JUSTICE STOUDER, dissenting:
I respectfully disagree with the reasoning and result reached by my colleagues. Only an appellant's brief was filed in this case; therefore, the appellant, Dennis Davison, has the burden of overcoming the presumption of propriety of the trial court decision. (First Capitol Mortgage Corp. v. Talandis Construction Corp. (1976), 63 Ill.2d 128, 345 N.E.2d 493.) In my opinion, Davison has successfully met this burden by indicating that the law relied upon by the trial court was inapplicable to the facts of this case.
The majority and the trial court rely on Hines v. Ward Baking Co. (7th Cir. 1946), 155 F.2d 257, as dispositive of this case. Each rely on a general principle applied to facts substantially and legally different from those in the present case.
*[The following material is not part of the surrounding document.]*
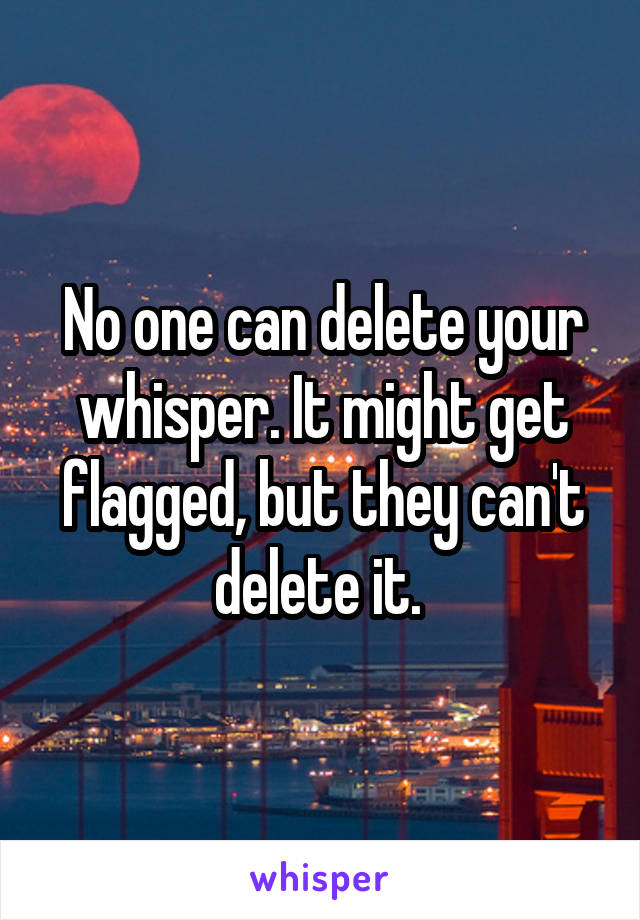 No one can delete your whisper. It might get flagged, but they can't delete it.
In Hines, the plaintiff was employed under a five-year written employment contract. After two years, he agreed to a 10% reduction in salary for the remainder of the contract period. His agreement to the modification was in writing, which also provided that he could submit to the company a recommendation for a partial or complete restoration of his salary to the rate specified in the original contract. For the duration of the contract, he received and retained the lesser salary. Later, he sought recovery of the difference; however, the trial court ruled against him and the appellate court agreed, holding that if parties proceed to execute fully the modified agreement so that nothing remains to be done by either party and the agreement is no longer executory, the contract as executed will not be disturbed.
In the present case, Davison did not agree to the college's unilateral modification of the oral employment contract. Further, his conduct in no way evinced acceptance, either tacit or otherwise, of the terms, as suggested by the majority. Davison never agreed to teach at the part-time rate. He instituted a grievance proceeding against the college, and he also endorsed the paychecks he received with language to the effect that his endorsement did not imply an agreement to the modification.
If the majority's theory is correct, namely, Davison's only cause of action was for breach of contract at the time the college indicated it did not intend to perform its obligation by paying Davison at the full-time teachers rate, we would reach the result that the college would be obligated to pay in full for the summer school term at the higher rate, but only if Davison did not teach. Clearly such a result is not reasonable, and the college would be the first to complain about the inequities of such a result.
I would reverse the decision of the trial court and enter judgment for Davison.